To understand the multivariable limit, we need to first grasp the \(\epsilon-\delta\) definition. This definition provides a rigorous way to define limits. For a function \(f(x,y)\) to have a limit \(L\) at a point \((a, b)\), it must satisfy the following condition: For any positive number \(\epsilon\), however small, there exists a corresponding positive number \(\delta\) such that for all \((x, y)\) within the distance \(\delta\) from \((a, b)\), \(f(x, y)\) is within the distance \(\epsilon\) from \(L\).
Mathematically, this is expressed as:
For every \(\epsilon > 0\), there exists \(\delta > 0\) such that if \(0 < \sqrt{(x - a)^2 + (y - b)^2} < \delta\), then \(|f(x, y) - L| < \epsilon\).
This definition ensures that by making \((x, y)\) sufficiently close to \((a, b)\), the function values can be made arbitrarily close to \(L\).

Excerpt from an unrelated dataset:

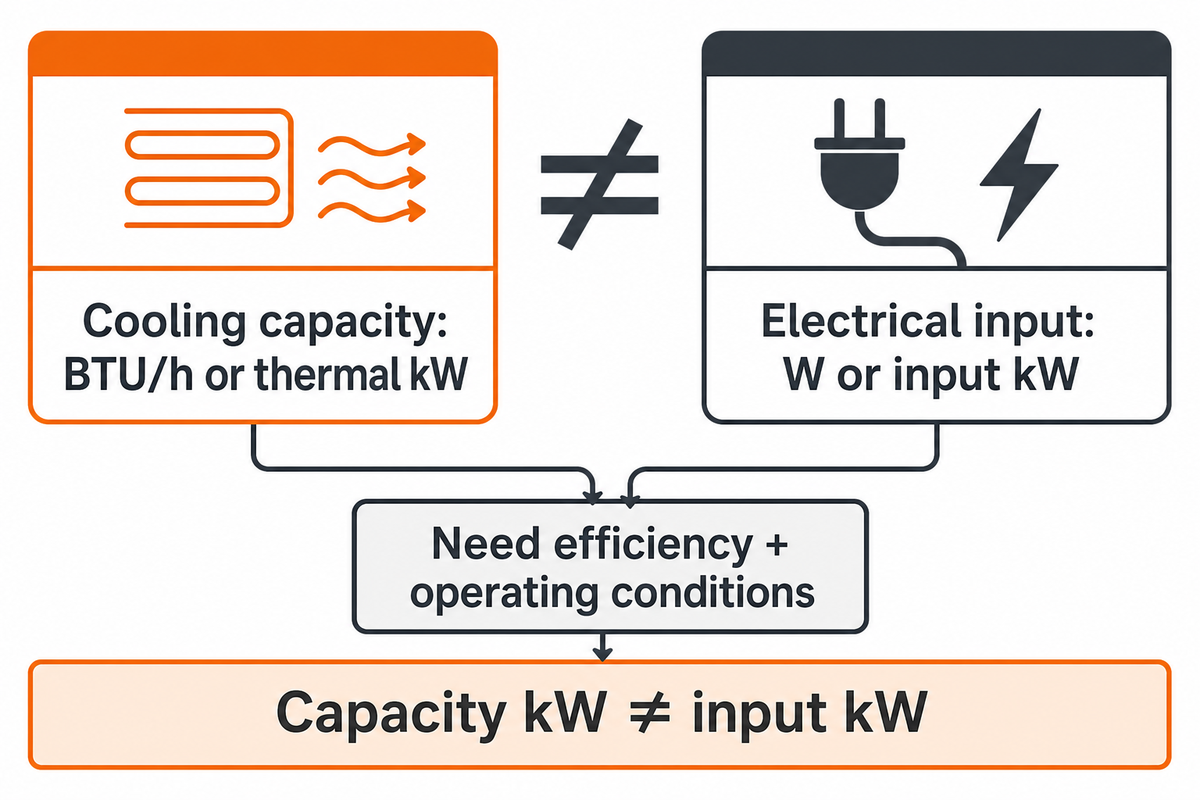 Cooling Capacity kW Is Not Automatically Electrical Input kW — BBP Manufacturing Co., Ltd.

Bounding functions help simplify complicated functions by providing an envelope within which the function's values lie. This is particularly useful when dealing with trigonometric functions like sine and cosine.
For the given function \(f(x, y) = (x+y) \, \sin \frac{1}{x} \sin \frac{1}{y}\), we notice that \(|\sin \frac{1}{x}|\) and \(|\sin \frac{1}{y}|\) are bounded by 1 since the sine function oscillates between -1 and 1.
Therefore, we can simplify things by noting that:
\(|f(x, y)| = |x+y| \, |\sin \frac{1}{x}| \, |\sin \frac{1}{y}| \, \leq |x+y|\).
By bounding the function this way, we can more easily determine the behavior of \(f(x, y)\) as \((x, y)\) approaches \((0, 0)\).

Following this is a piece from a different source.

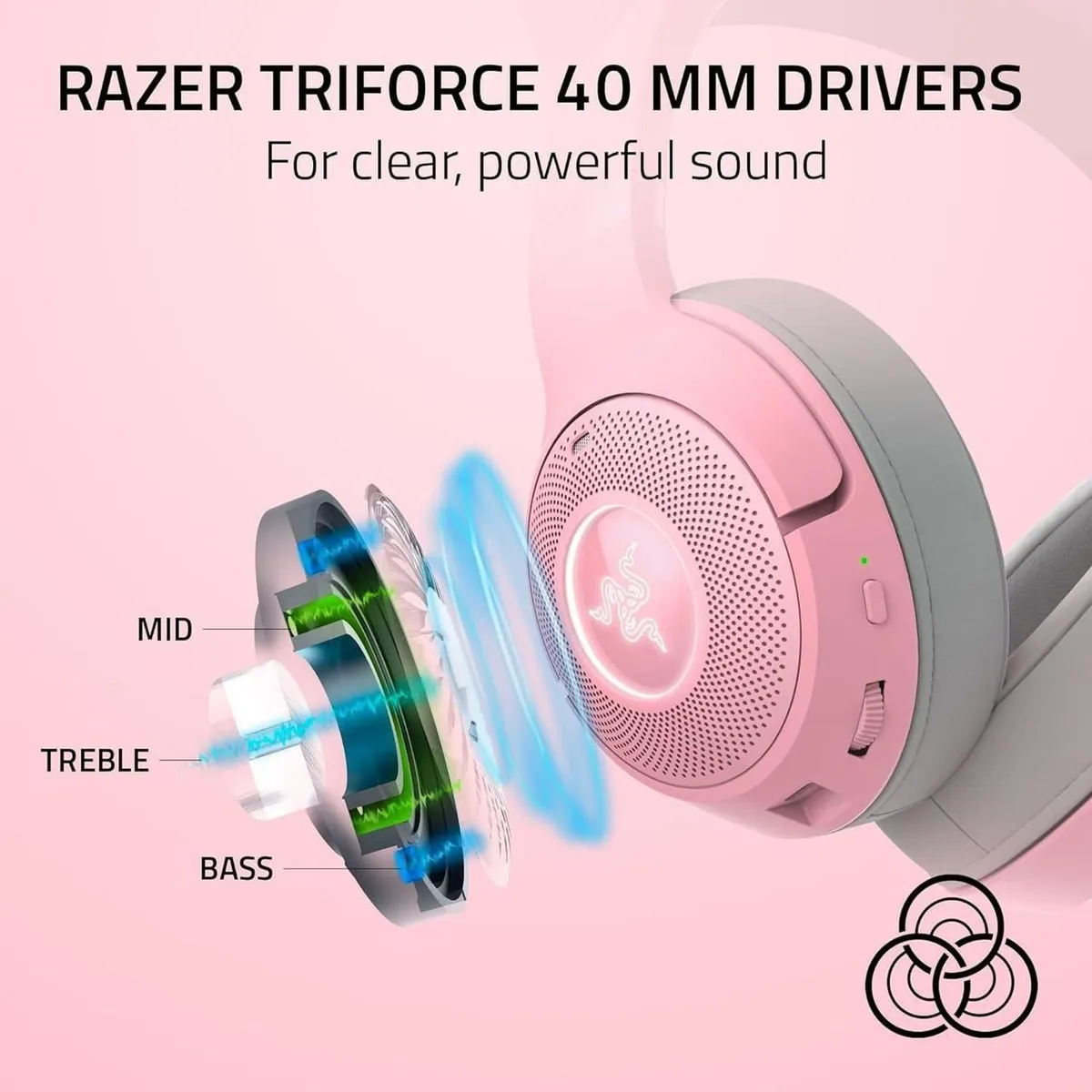 Гарнiтура Razer Kraken Kitty V2 Pro Quartz (RZ04-04510200-R3M1) - мініатюра 8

Understanding the sine function is crucial to analyzing our given function. The sine function, \(\sin \theta\), oscillates between -1 and 1 for all real numbers \(\theta\). This implies that:
\(-1 \leq \sin \frac{1}{x} \leq 1\) and \(-1 \leq \sin \frac{1}{y} \leq 1\).
This periodic and bounded nature of the sine function allows us to place limits on the product of sines involved in our function.
When dealing with multivariable limits, particularly those involving trigonometric functions, this bounded behavior is beneficial. It helps in simplifying complex expressions and determining possible bounds, leading to a clearer understanding of the limit.

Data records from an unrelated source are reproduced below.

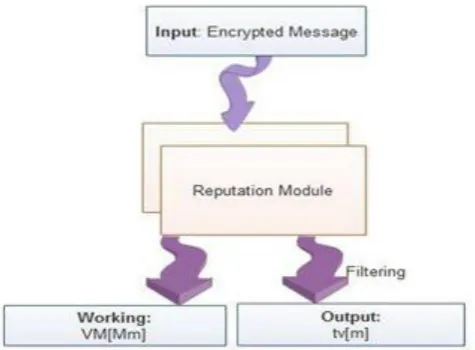 Fig. 5.  Working of Reputation Module 
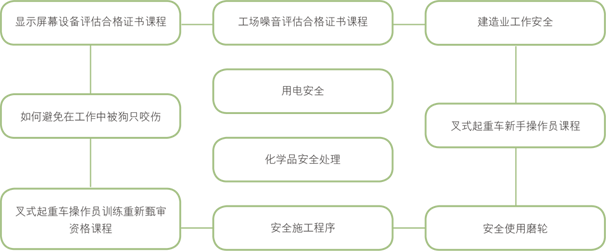 职业安全与健康培训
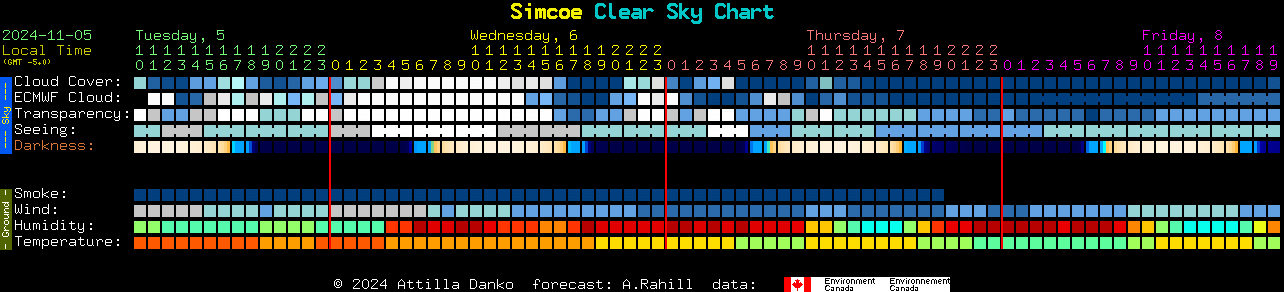 Current forecast for Simcoe Clear Sky Chart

Path independence is an essential concept in multivariable calculus. It ensures that the limit of a function as its variables approach a point is the same regardless of the path taken. For the limit \(\lim _{(x, y) \rightarrow (0, 0)} f(x, y)\) to exist, it must be path-independent.
We can test path independence by examining different paths, such as along the x-axis (\(y = 0\)), y-axis (\(x = 0\)), and linear paths (like \(x = y\)).
In the exercise, we examined:

• Along the x-axis: \(f(x, 0) = 0\)
• Along the y-axis: \(f(0, y) = 0\)

Both resulted in the function value going to 0 as \((x, y)\) approaches \((0, 0)\).
By bounding the function and noting the behavior of the sine function, we finally concluded that \(\lim _{(x, y) \rightarrow (0, 0)} |f(x, y)| \leq |x + y| \rightarrow 0\).
This path-independence assures us the limit exists and is 0.